Fort Stevens is part of the nation's largest urban unit of the NPS. It was slated for development into townhouses. At the last minute NPT was able to purchase the property from the developer and a local group that owned the property. NPT is holding the property until the NPS is able to purchase it.
"Preserving the cultural heritage of the Nation's Capital is important because it reflects the strength, valor, dignity and courage which have made our nation great," said Patricia A. Tyson, Secretary, Military Road School Alumni Association. "In our search to find an organization that understands and shares our interests, we found the National Park Trust. NPT was willing to act to keep this history intact."
"This property is a part of the NPT Capital Region Campaign for our nation which now will be added to our parklands", said Paul C. Pritchard, President of NPT. "Although it's a small piece of land it is essential to the history and heritage of our area that are intertwined in Rock Creek Park. Rock Creek is not only a geological resource but includes great sculpture work, civil war history, African-American history and other qualities that were envisioned as a critical part of this unique national park."

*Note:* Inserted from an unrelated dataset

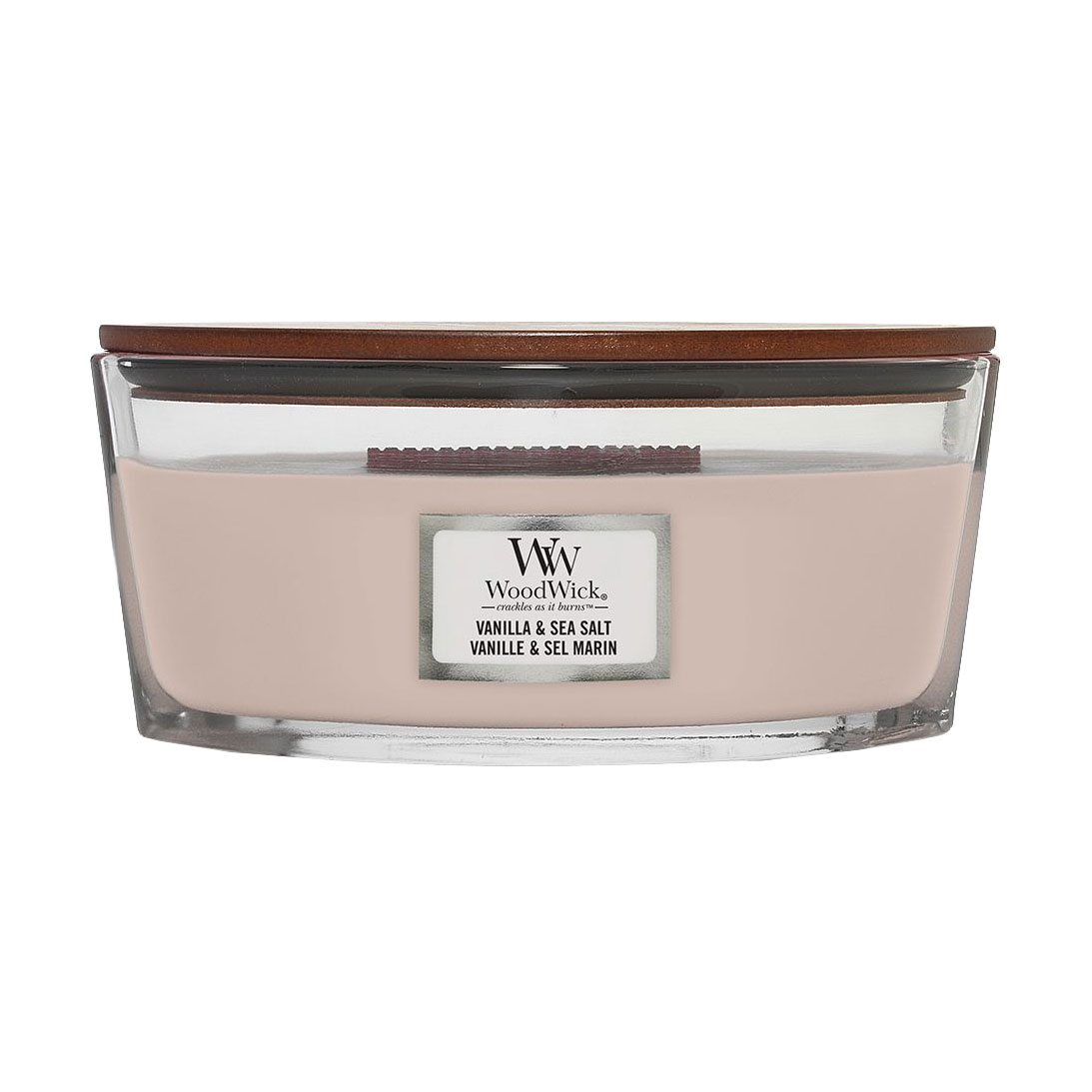 Ароматична свічка в склянці WoodWick Hourglass Candle Vanilla &amp; Sea Salt, 453 г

The National Park Trust is the only private land conservancy uniquely dedicated to preserving America's national system of parks, wildlife refuges, and historic monuments.
For more information contact:
National Park Trust (NPT)
- Thanks to your support, 2016 was a record-breaking year for Kids to Parks Day! Watch our KTP Day 2016 summary video.

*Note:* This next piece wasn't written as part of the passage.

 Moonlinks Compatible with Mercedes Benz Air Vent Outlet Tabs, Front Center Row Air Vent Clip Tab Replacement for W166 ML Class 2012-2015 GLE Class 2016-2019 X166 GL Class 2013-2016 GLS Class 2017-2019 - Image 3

Since 1983, NPT has supported and assisted in acquiring inholdings and in developing public and private partnerships to promote the acquisition and preservation of parks, wildlife refuges, historic landmarks, public lands, and water ways. We have completed more than 100 park projects benefiting 49 national park units and other public lands in 33 states. To learn more about about our work and how you can get involved, contact Dick Ring, NPT Park Projects Director.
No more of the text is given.